SAFe tries to normalise story points across teams for various reasons, but there is often a strong desire to measure and compare the delivery of teams and people. This is not what story points are for. Story points do not exist to measure how “productive” developers are.

2 – Technical debt tends to increase in SAFe organisations because the prioritisation of dealing with it is raised to a management level rather than team level. This is counter-productive for technical debt that originates at the team level (which most of it does). Management will tend to prioritise features and functions, delaying the pay-back of localised technical debt, and resulting in slower, higher risk, more brittle systems.

3 – If SAFe is applied to more operational functions, such as technology support, operations, or SRE, conflicts between delivery and support functions arise, because supporting teams typically need to work either responsively, dealing with issues as they arise, or on very short cycles – not the Programme Increment cycle time imposed by SAFe.

4 – Due to the focus on deliverables and accountability through project or product managers, teams may be discouraged from assisting each other, as they are measured by their own delivery and productivity: how much they assist other teams is rarely valued.

5 – The concept of “ideal dev days” is often used for estimating in SAFe. Everyone else knows that ideal dev days are a fallacy. Instead, look at past similar deliverables, and see how long they took. This is a much more predictive metric, and is less susceptible to optimism bias or wanting to please the boss.

6 – The concept of “value” often breaks down in SAFe, through a focus on volume of delivery and meeting the (often arbitrary) deadlines imposed by management in PI planning. As a result, what end-users actually want is often ignored in favour of what management wants.

7 – PI planning includes a small element of retrospective activity, but it’s too little, too late. The retrospective feedback loops need to be short and light, not tagged on to PI planning as an afterthought. Here’s a comprehensive guide to retrospectives that also covers some really useful suggestions for running them with remote and distributed teams.

8 – Agile was created as a response to frustrations felt across the industry from heavyweight, top-down project management methodology that was killing the sector. Trying to scale Agile up by applying heavyweight, top-down methodologies is antithetical. 

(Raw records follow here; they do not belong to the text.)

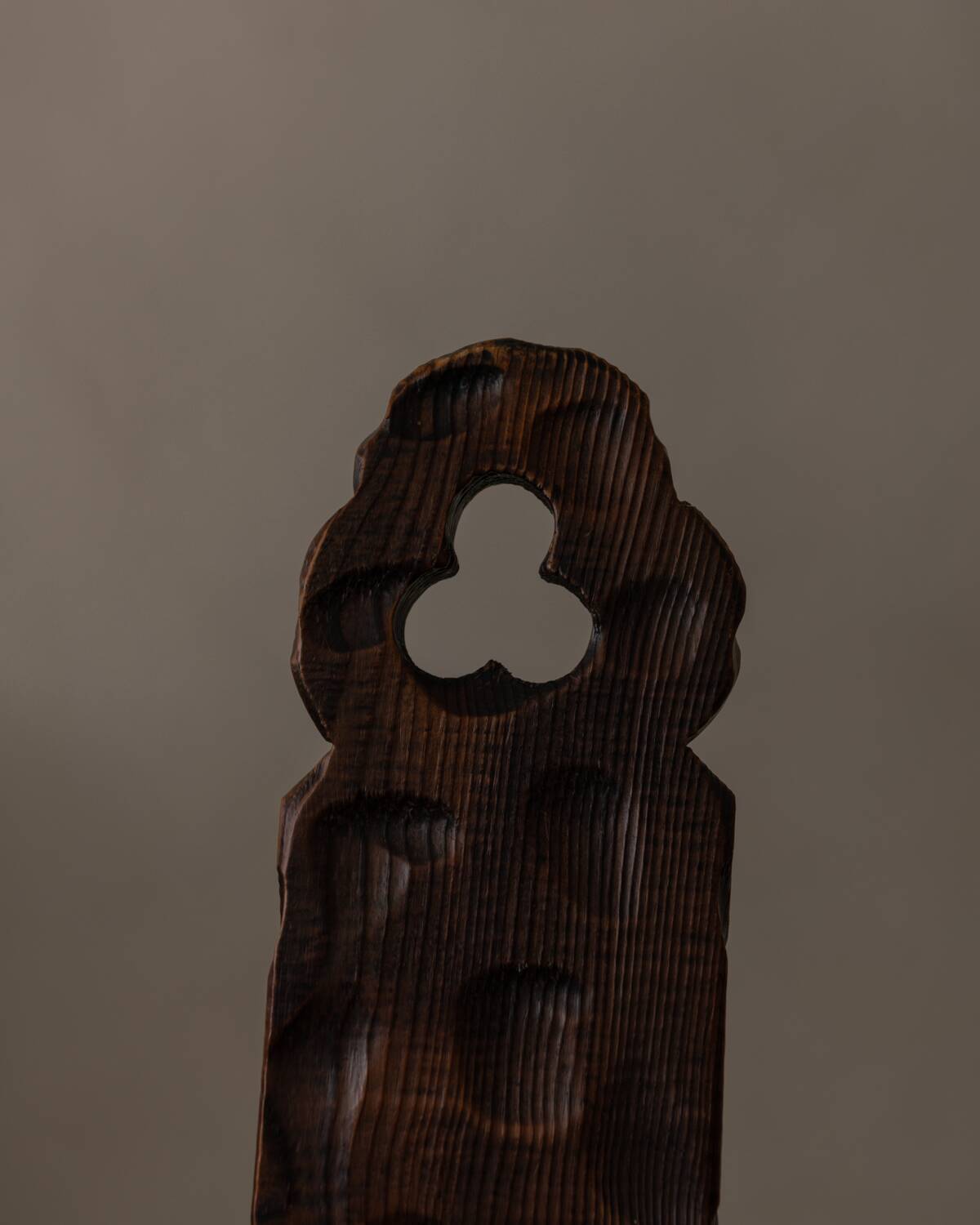 Spanish brutalist tripod chair in carved solid wood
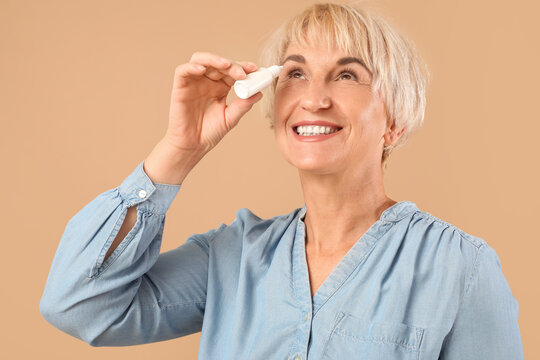 Mature woman using eye drops on beige background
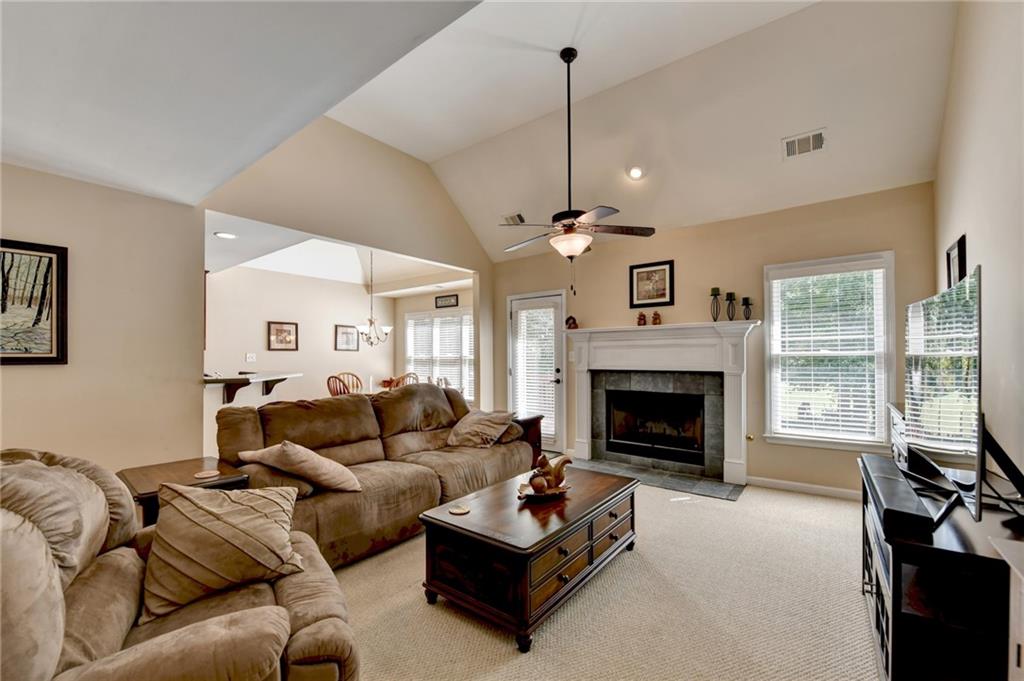 6415 Hampton Rock Lane Cumming, GA 30041 - Photo 4 of 26 a living room with furniture and a fireplace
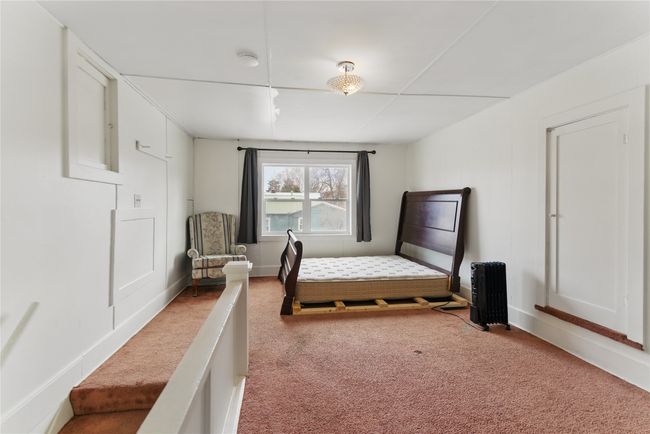 Carpeted bedroom featuring radiator heating unit and baseboards | Image 22
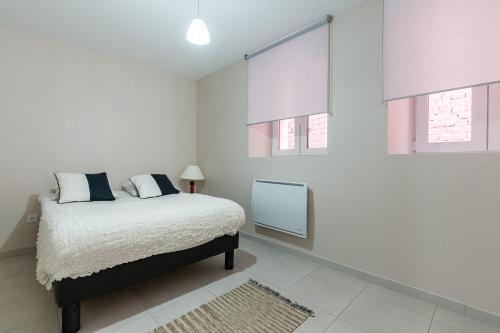 Giường trong phòng chung tại Appartement Marie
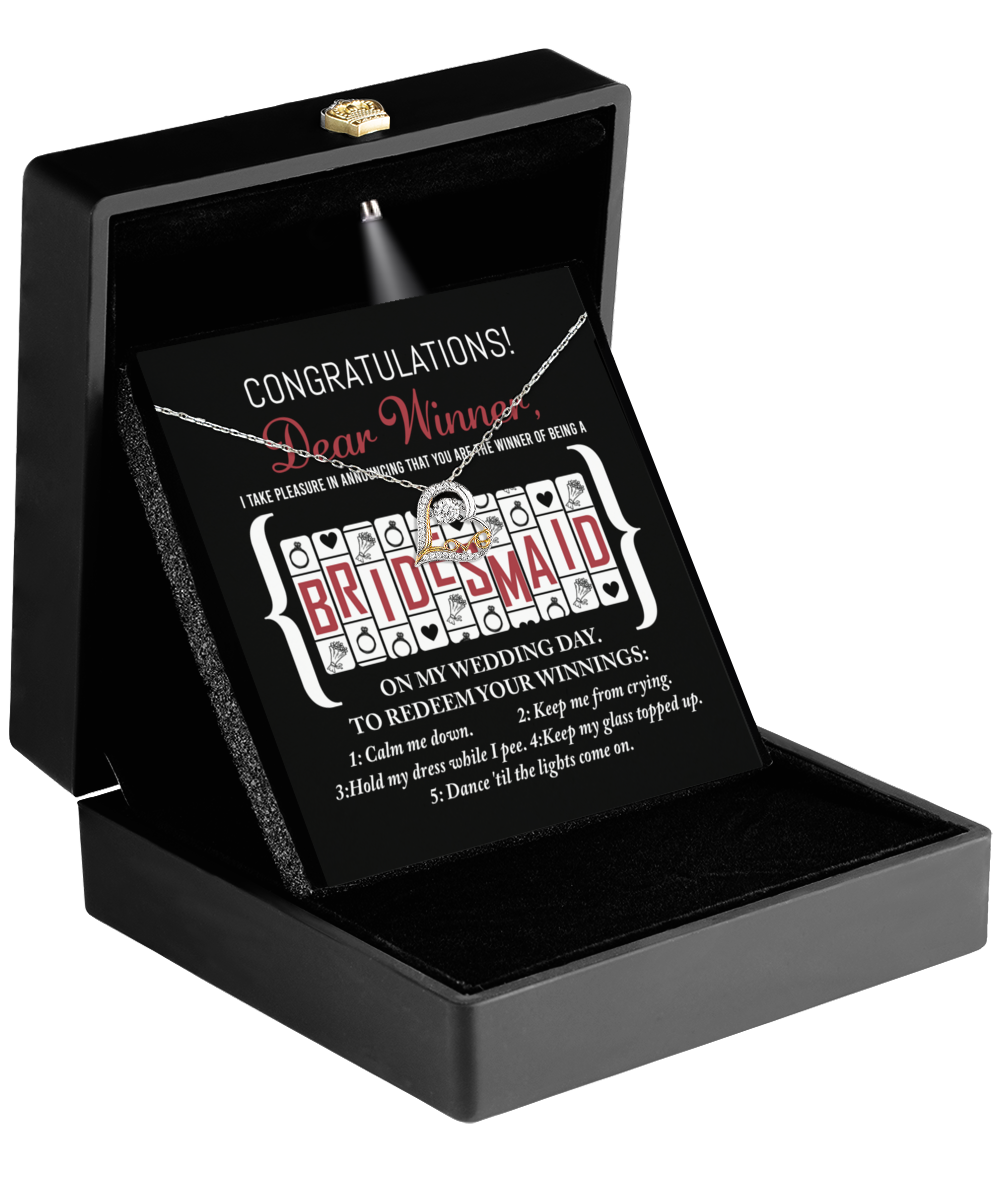 A black box from the "To Bridesmaid - The Winner Of - Love Dancing Necklace" collection contains a card with a sterling silver necklace. The card reads, "Congratulations Dear Winner!" and features a row of slot machine images revealing the word "Bridesmaid." Below, there are instructions for redeeming winnings on the wedding day, such as calming the bride and keeping the wine topped up.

9 – Some SAFe practitioners describe it as a transition stage, a process through which organisations can achieve increased capability at scale. I would agree: if an organisation feels the need to adopt SAFe, it should be as training wheels, a structure through which great capabilities can be built, before throwing off the shackles of a rigid, top-down framework. If it was really true that SAFe is a transitionary framework, why does the SAFe model not include anything about the transition away from it?

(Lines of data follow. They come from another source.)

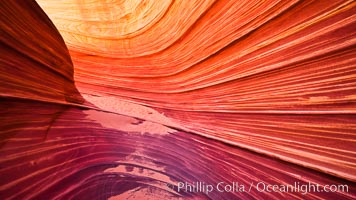 The Wave, an area of fantastic eroded sandstone featuring beautiful swirls, wild colors, countless striations, and bizarre shapes set amidst the dramatic surrounding North Coyote Buttes of Arizona and Utah.  The sandstone formations of the North Coyote Buttes, including the Wave, date from the Jurassic period. Managed by the Bureau of Land Management, the Wave is located in the Paria Canyon-Vermilion Cliffs Wilderness and is accessible on foot by permit only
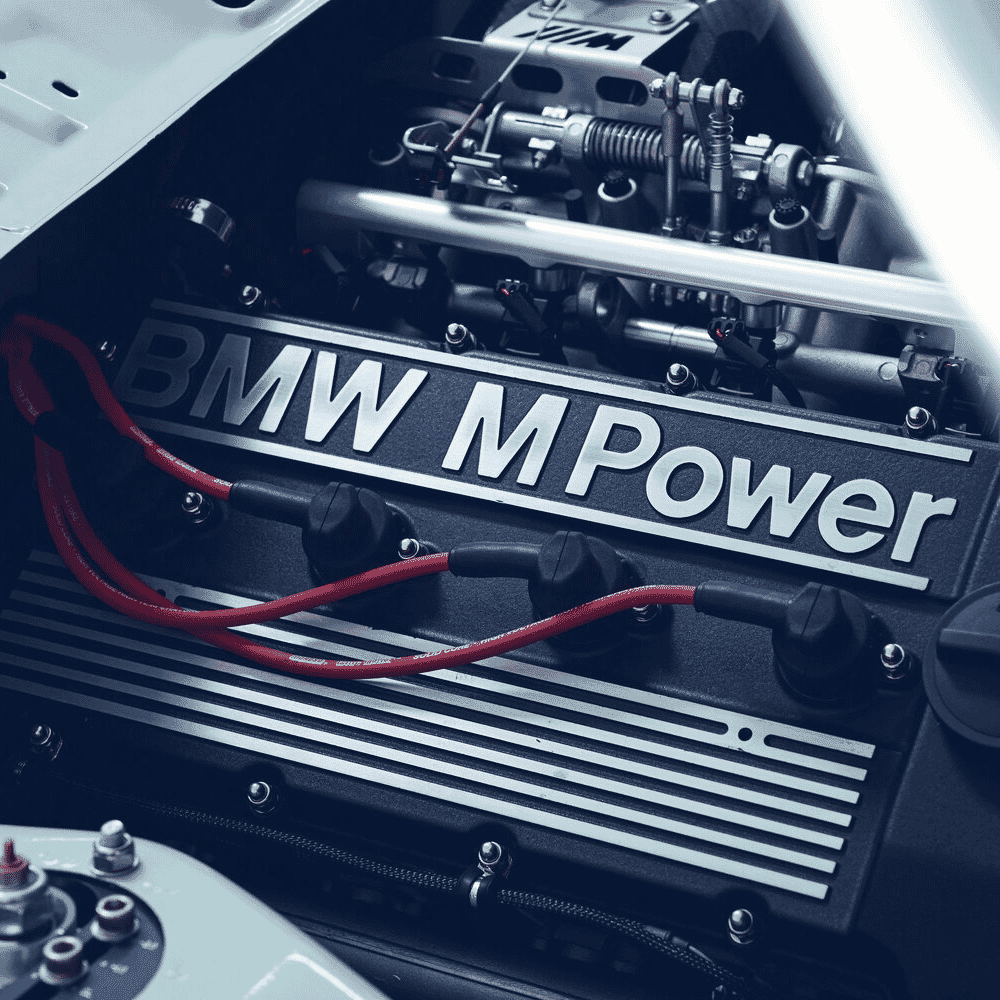 Close-up of a BMW M Power engine with red spark plug wires and metallic finishes.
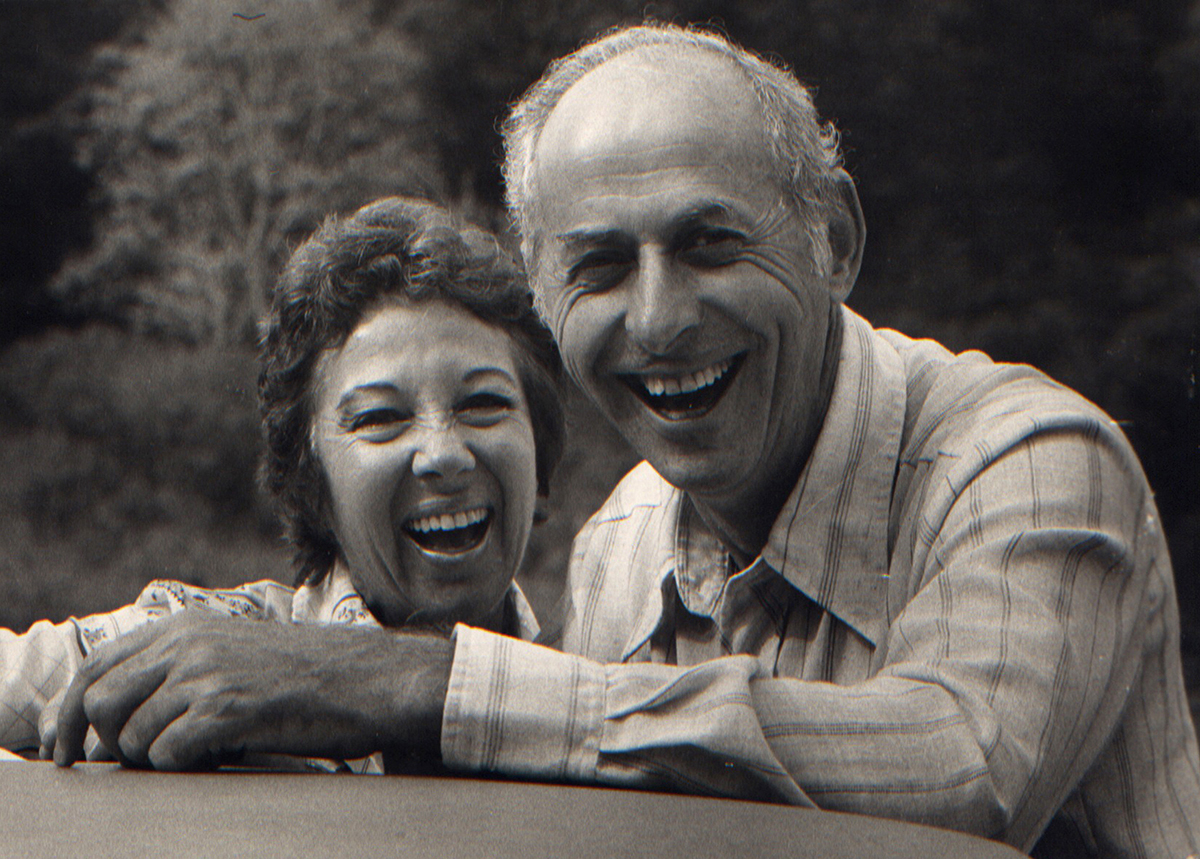 A black and white photo of a man and woman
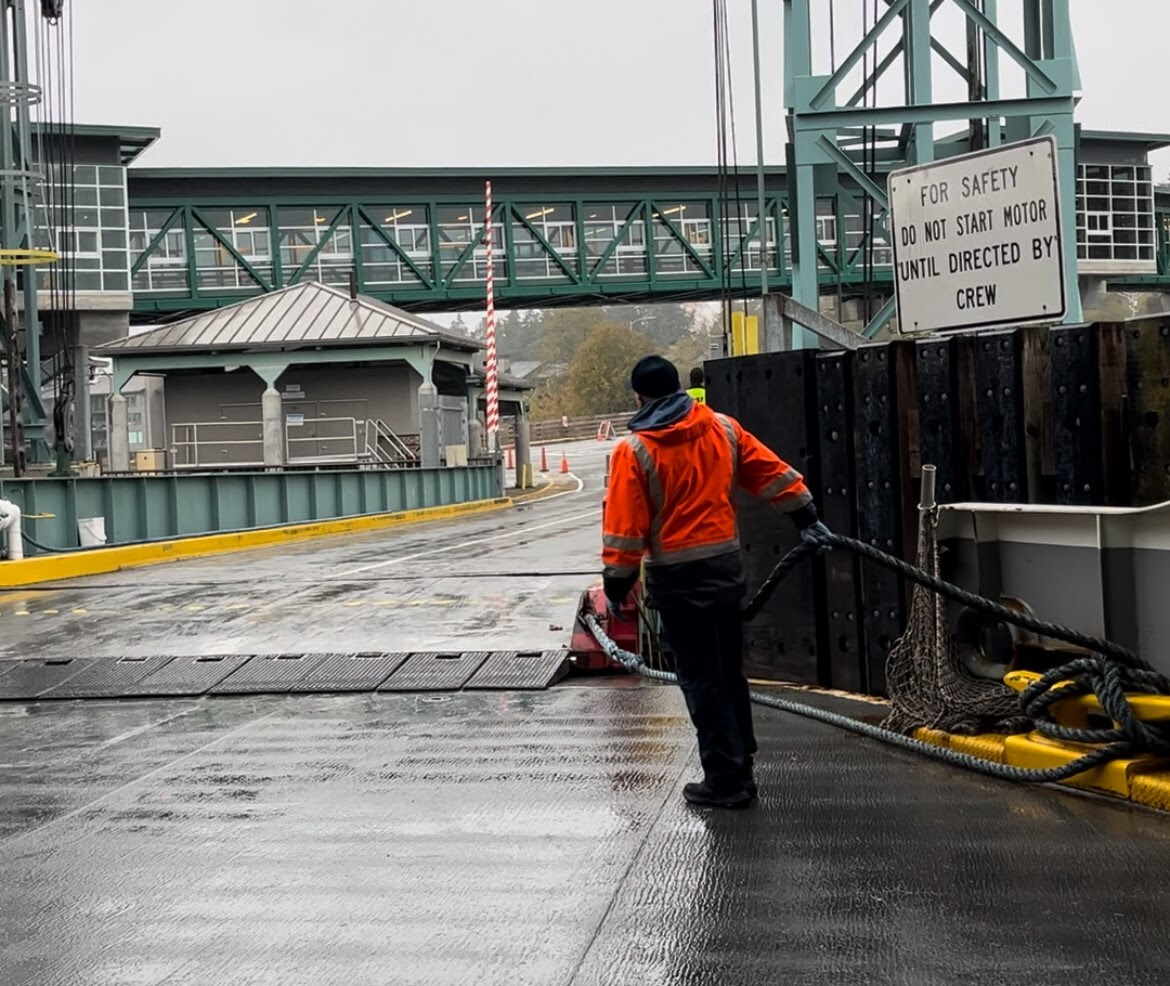 Person in an orange jacket holding a rope at a dock, with a steel walkway and safety sign in the background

10 – In reality, most organisations don’t need SAFe. They’re not so big that they need such a big solution. SAFe is a comfort blanket for organisations used to traditional, slow, heavyweight, command-control structures. Your projects and products actually aren’t that big – and if they are, then that’s the problem, not the management process.

Fundamentally, SAFE tends to ignore, or encourages management to ignore the possibility that those closest to the work might be the best equipped to make decisions about it. Scale the work down, not the process up. SAFe fits the delivery model to the organisational structure, rather than forcing the organisation to adopt new ways.

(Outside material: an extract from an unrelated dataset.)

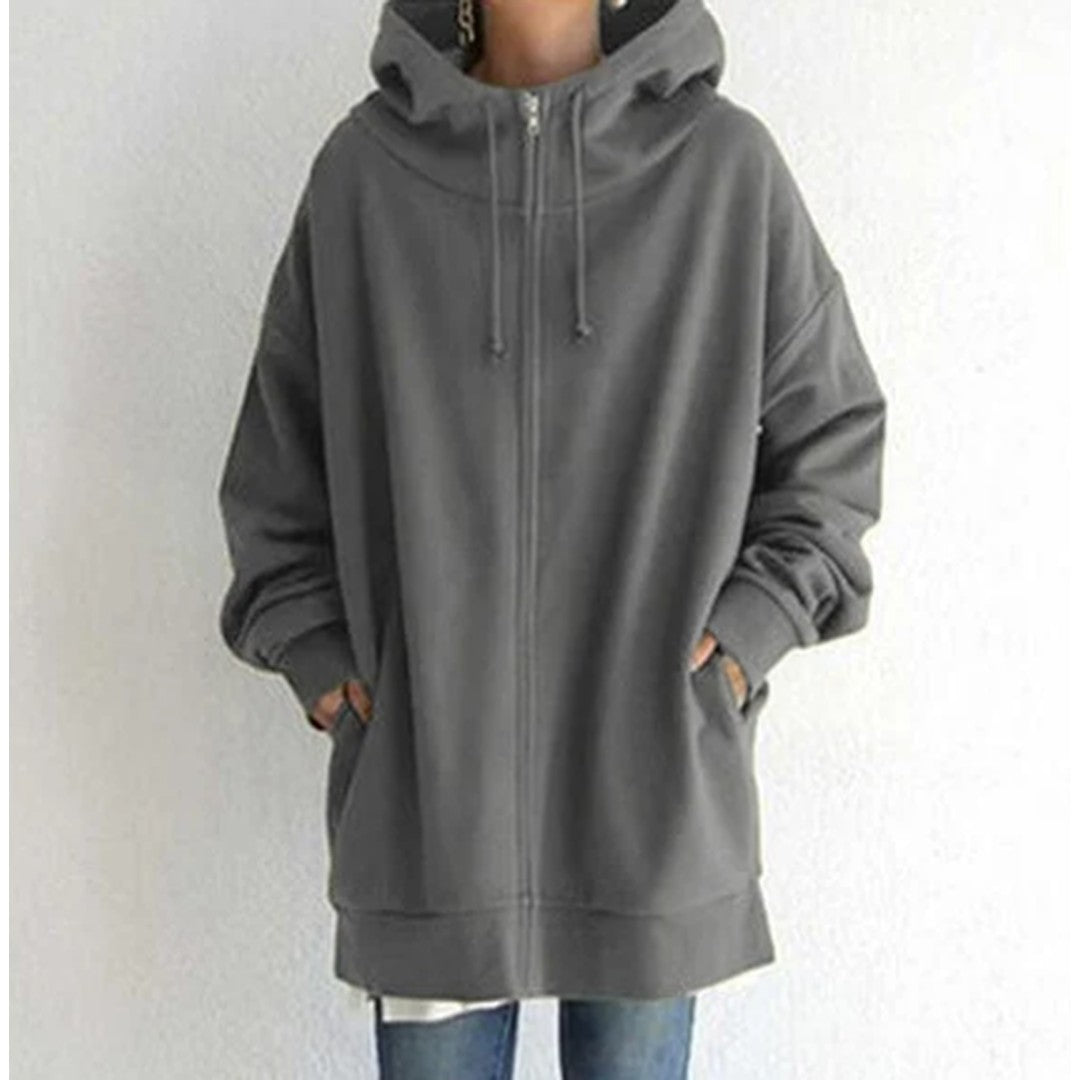Woman wearing the Lenore women's zip-up hoodie, flatlay view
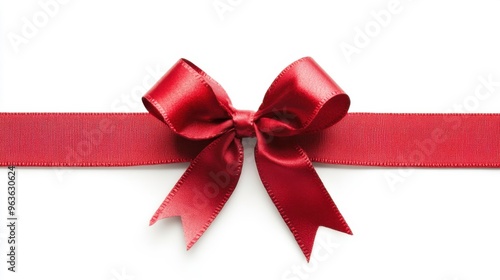 Elegant red ribbon tied in a perfect bow on a white background, ideal for gift wrapping during festive occasions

Here’s a bonus point 11, thanks to Matt Skelton of Team Topologies: SAFe, via the enforced Program Increment approach, encourages (or very possibly forces) at least a temporal coupling of teams that isn’t warranted. In fact, any sort of forced coupling is an antipattern for a fast flow of change, and via Conway’s Law, probably introduces architectural coupling too (which is bad). Given that SAFe adopts the PI as the core foundation of the approach, it’s unlikely that any SAFe practitioner would suggest dropping PI when the teams are mature enough to do so… or would they?